# TV Display problem



## DTonesXD (Jun 4, 2013)

Every time i turn on the tv the display is really sharp. I have only really noticed this when i launch COD Ghosts on my ps3, it is hard to tell if it is the same elsewhere. The only way i found to resolve the problem is by going into menu, picture, moving the sharpness once in any direction and it is back to normal. How do i fix this?

The tv is a Digihome 28180HDLED


----------



## DTonesXD (Jun 4, 2013)

reply please?


----------



## ebackhus (Apr 21, 2005)

Is it connected to a source of power that may be interrupted such as a "smart" surge protector or a mains that's switch controlled? I did some searching but all I found were your posts on other forums.


----------



## DTonesXD (Jun 4, 2013)

no it isn't. I have found that it isn't just showing on ghosts. It is pretty much everywhere where the sharpness can be noticed. 
The tv is connected to a power extension


----------



## DTonesXD (Jun 4, 2013)

please reply...


----------



## namaste09 (Jan 26, 2014)

If your OSD is clear then TV settings should be set to Factory settings or try Firmware upgrade.
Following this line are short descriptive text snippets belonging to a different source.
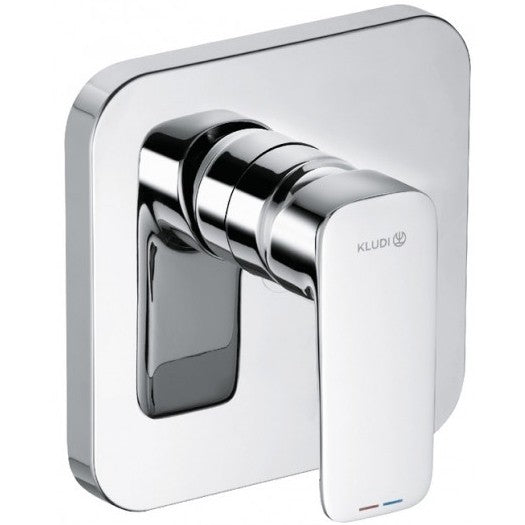 Kludi Pure&Style Baterie dus 15x15 cm, montaj incastrat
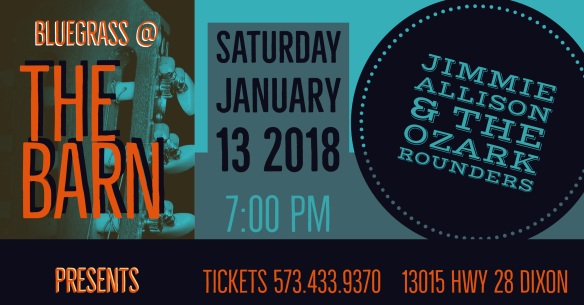 January 13 Jimmy Allison &amp; The Ozark Rounders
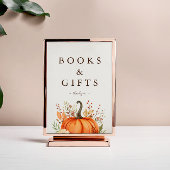 かわいいリトルカボチャ秋秋の赤ちゃんシャワー 台座サイン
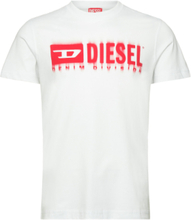 "T-Diegor-L6 T-Shirt Tops T-Kortærmet Skjorte White Diesel"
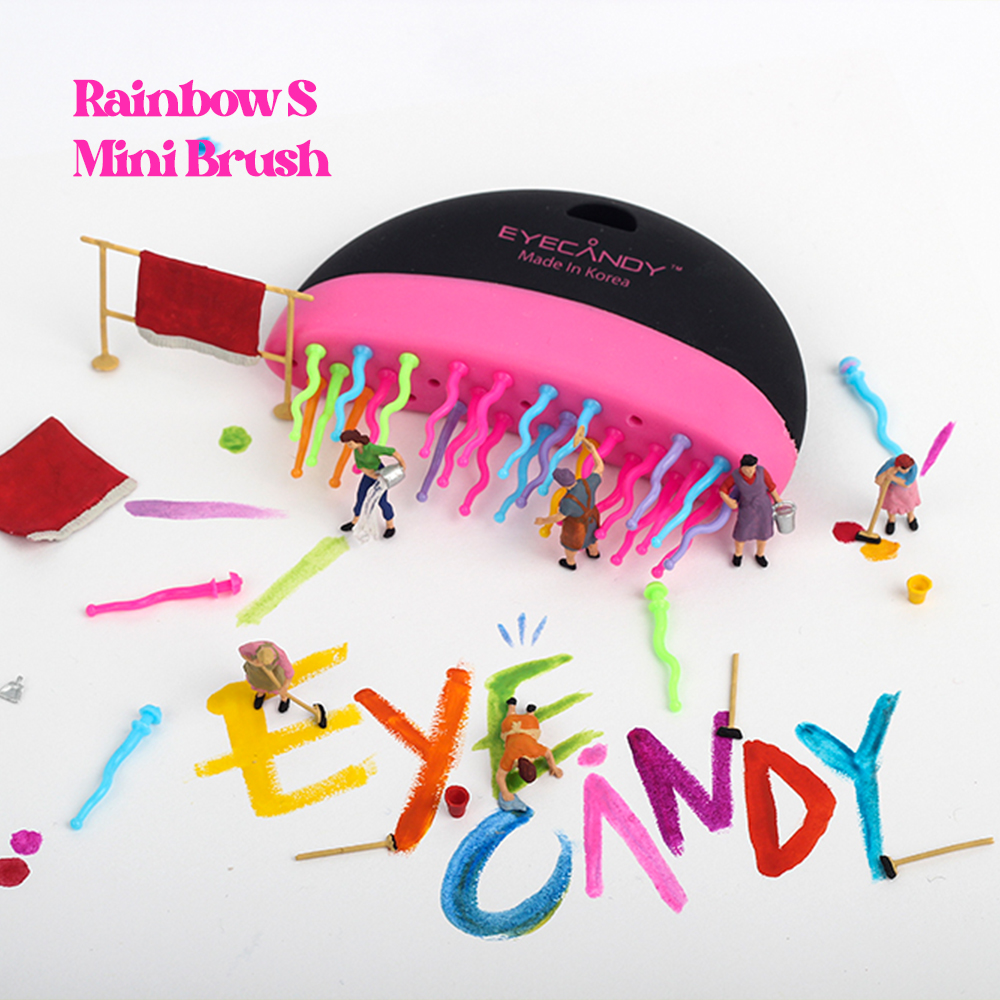 Lược Gỡ Rối Mini EyeCandy Rainbow Volume S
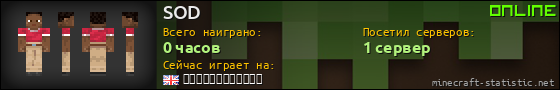 Юзербар 560x90 для SOD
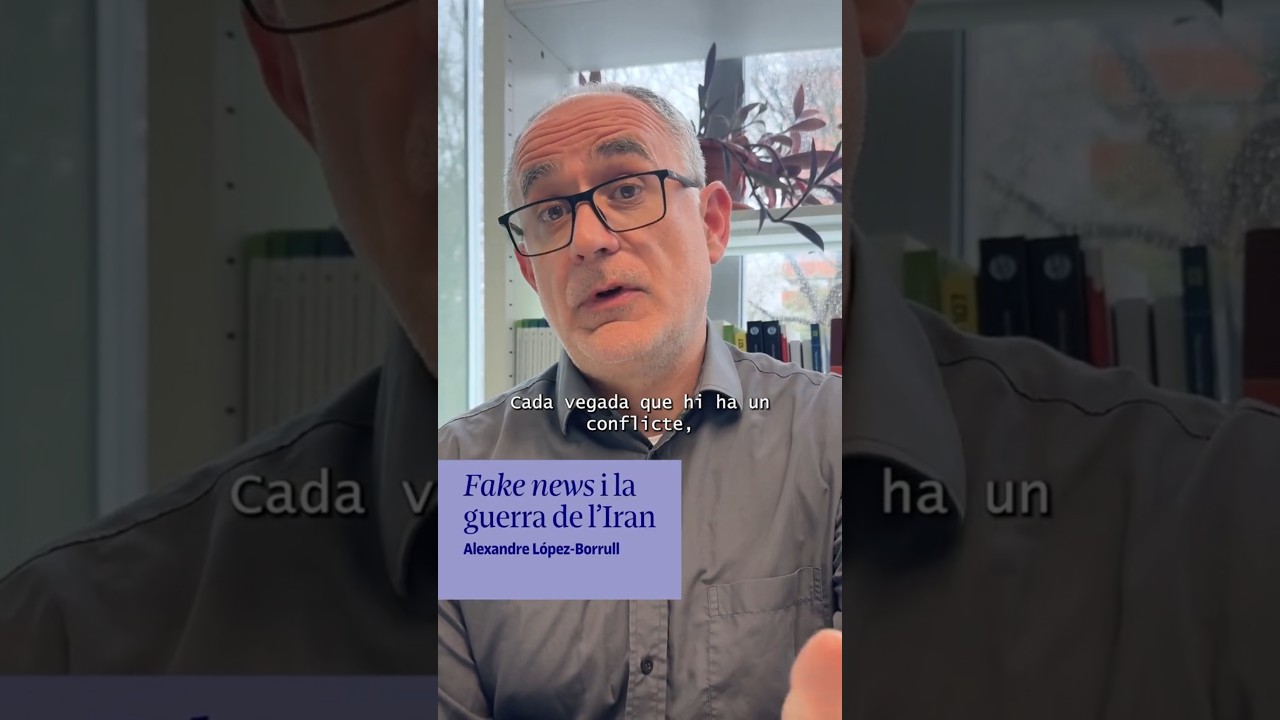 Alexandre López-Borrull, professor video link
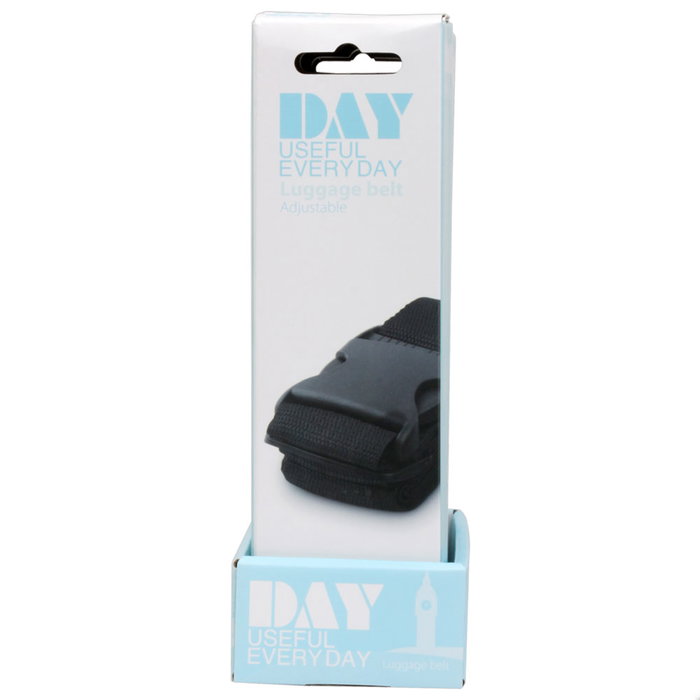 Day Sangle de valise réglable 5x190 cm noire Day Sangle de valise réglable 5x190 cm noire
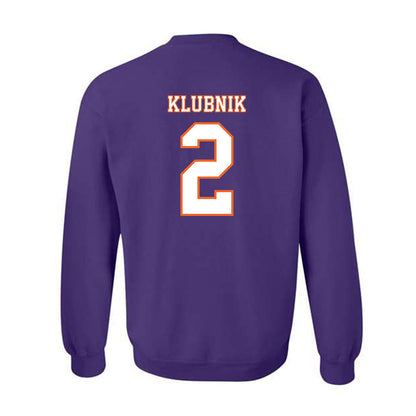 Clemson - NCAA Football : Cade Klubnik - Replica Shersey Crewneck Sweatshirt-1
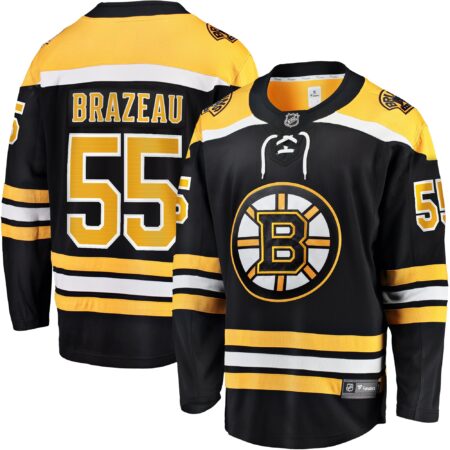 Justin Brazeau Boston Bruins Home Premier Breakaway Player Jersey - Black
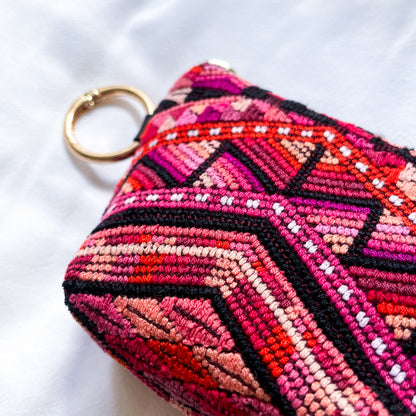 Huipil Mini Pouch #2／グアテマラ ウィピル  ポーチ AirPods ケース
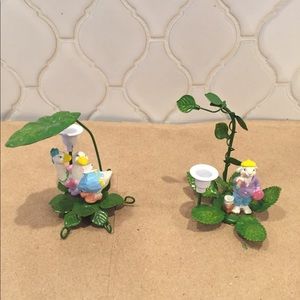 Enesco mini candle holders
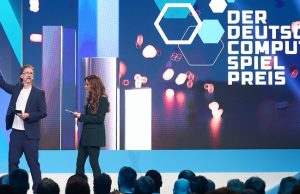 Computerspielpreis 2027 wechselt wieder nach Berlin Uke Bosse und Katrin Bauerfeind moderieren den Deutschen Computerspielpreis 2025 in Berlin - wie schon 2022, 2023 und 2024 (im Bild) - Foto: Sebastian Reuter für Getty Images / Marchsreiter Communications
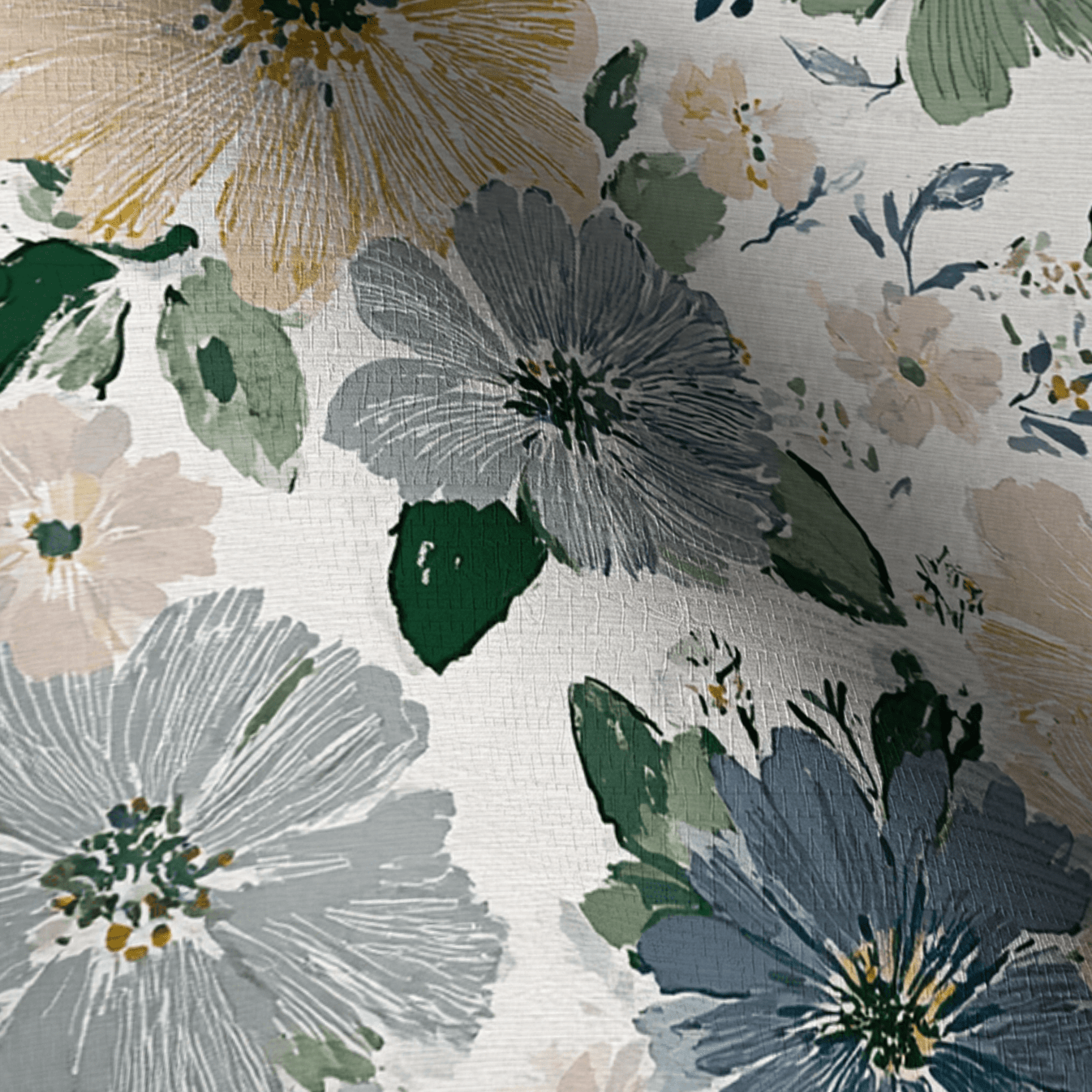 Briar Blossom Faux Grasscloth Wallpaper - Lemon Park
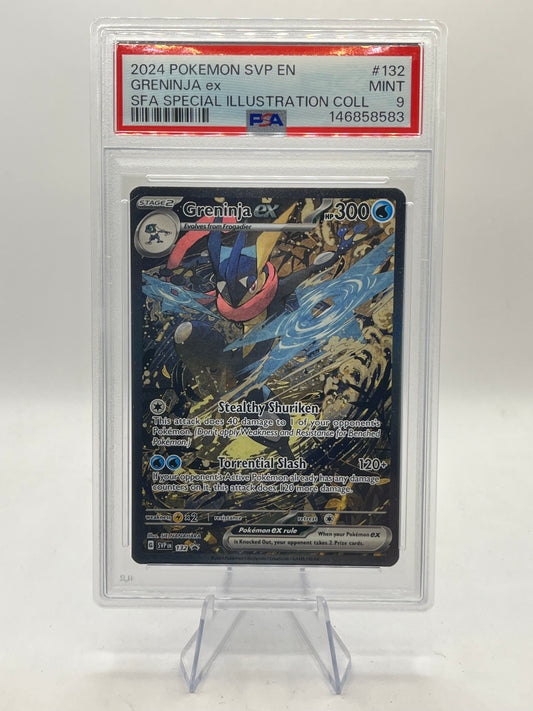 Greninja EX Alt Art PSA 9 - Scarlet & Violet Promo 2024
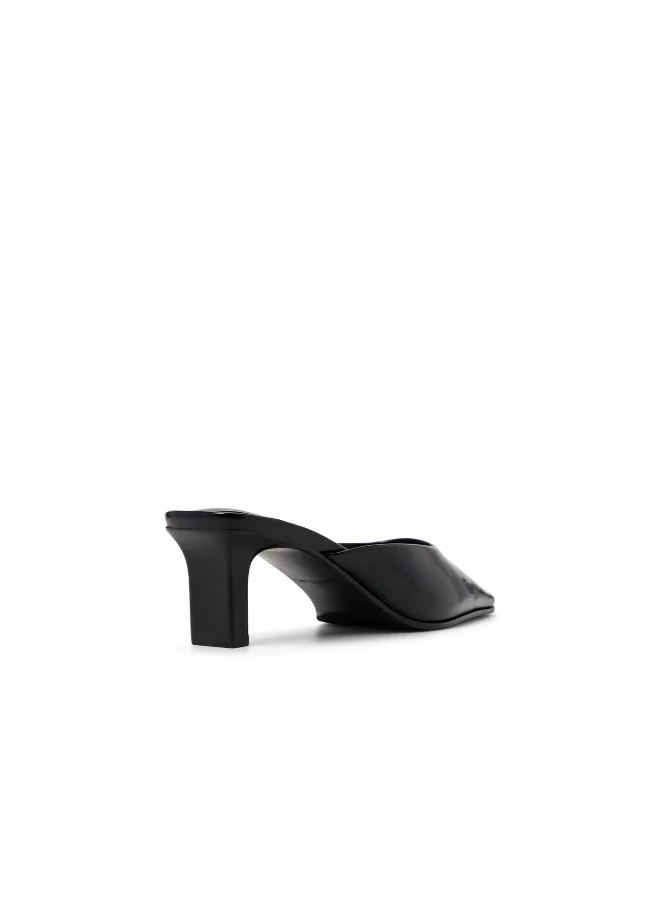 كول ات سبرنج ZAHRAA Glossy Mule Heels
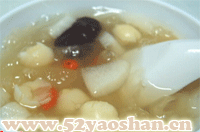 Lotus lily porridge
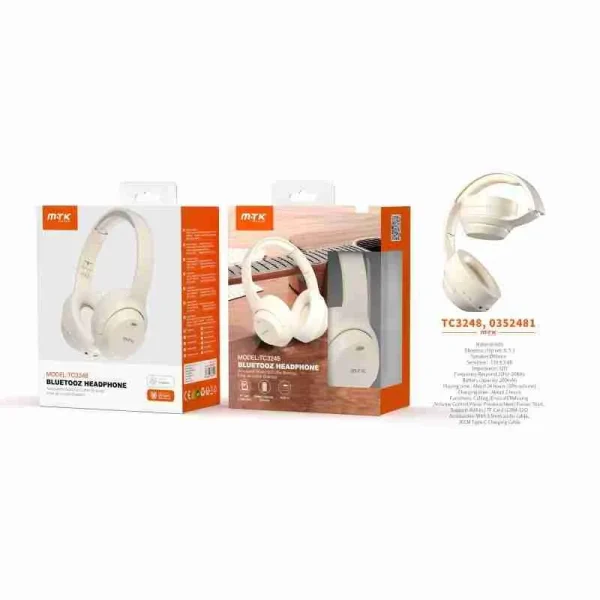Bluetooth V5.4 Headphones 200mAh Battery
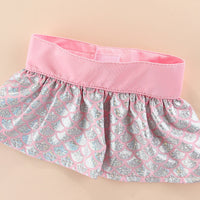 HKM-6654525 Pet Beach Bikini Set in Pink and Purple - Polyester Skirt for Dogs in Multiple Sizes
I have seen this on Sony 4K 's too. Good query I need to study this more closely. However, I'm not familiar with this Brand.


----------



## DTonesXD (Jun 4, 2013)

it seems that has worked. Thank you

However i will test again later, i will post back..


----------



## DTonesXD (Jun 4, 2013)

still happening, seems it happens after hours of the tv being off


----------